"""
Methods for creating a logistic regression model.
"""
import graphlab.connect as _mt
import graphlab as _graphlab
from graphlab.toolkits.regression.regression import RegressionModel
from graphlab.data_structures.sframe import SFrame as _SFrame
from pandas import DataFrame as _DataFrame
from graphlab import vowpal_wabbit as _vw

# TODO: List of todo's for this file
#------------------------------------------------------------------------------
# 1. Better input/output messages in the comments.
# 2. Error handling of input/output parameters
# 3. Default option parser.
# 4. APIs for std errors, p-values etc.
# 5. Change None to depict default step size.


DEFAULT_SOLVER_OPTIONS = {
'convergence_threshold': 1e-2,
'step_size': None,
'max_iters': 1,
'quadratic':[],
'bigram': False,
'regularization':None}


def create(dataset,
           response,
           predictors=None,
           solver='vw',
           verbose=True,
           plot=False,
           solver_options=DEFAULT_SOLVER_OPTIONS):
    """
    Create an :class:`~graphlab.logistic_regression.LogisticRegressionModel`
    that predicts a binary 'response' variable as using one ore more
    'predictor' variables. The probabilities describing the outcome of the
    binary variable is modeled as a logistic function of the predictor
    variables.

    .. note:: The response column for logistic regression must contain values with only +1 or -1.
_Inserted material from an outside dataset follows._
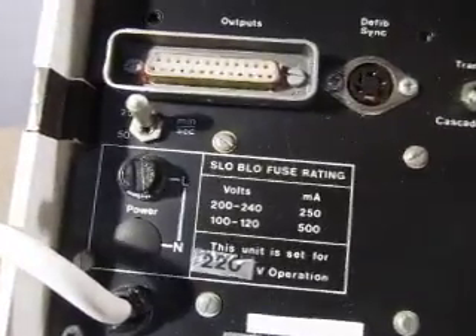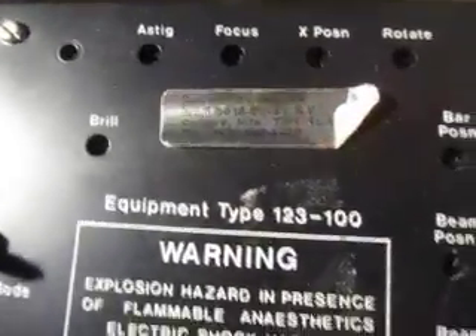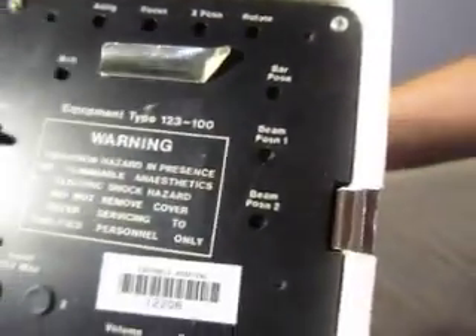You got fuse ratings here. Outputs. It's a defib sink. Here's a warning. And a bunch of other stuff, I don't know what it's for.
    .. note:: Logistic regression automatically adds a constant term for the bias.

    .. note:: Logistic regression supports categorical variables (provided as string inputs) if the solver is set to 'vw'.


    Parameters
    ----------
    dataset : pandas.DataFrame/SFrame
        The dataset to use for training the model.

    response: string
        The column name, in the dataset, that corresponds to the response in
        the model.

        The response column must be +1 or -1.

    predictors : list of strings (default None)
        A list of column names that correspond to the predictors in the model.
        A value of 'None' indicates that all columns in the dataset (except the
        response) column must be used as a predictor.

    solver: string
        Name of the solver to be used to solve the regression.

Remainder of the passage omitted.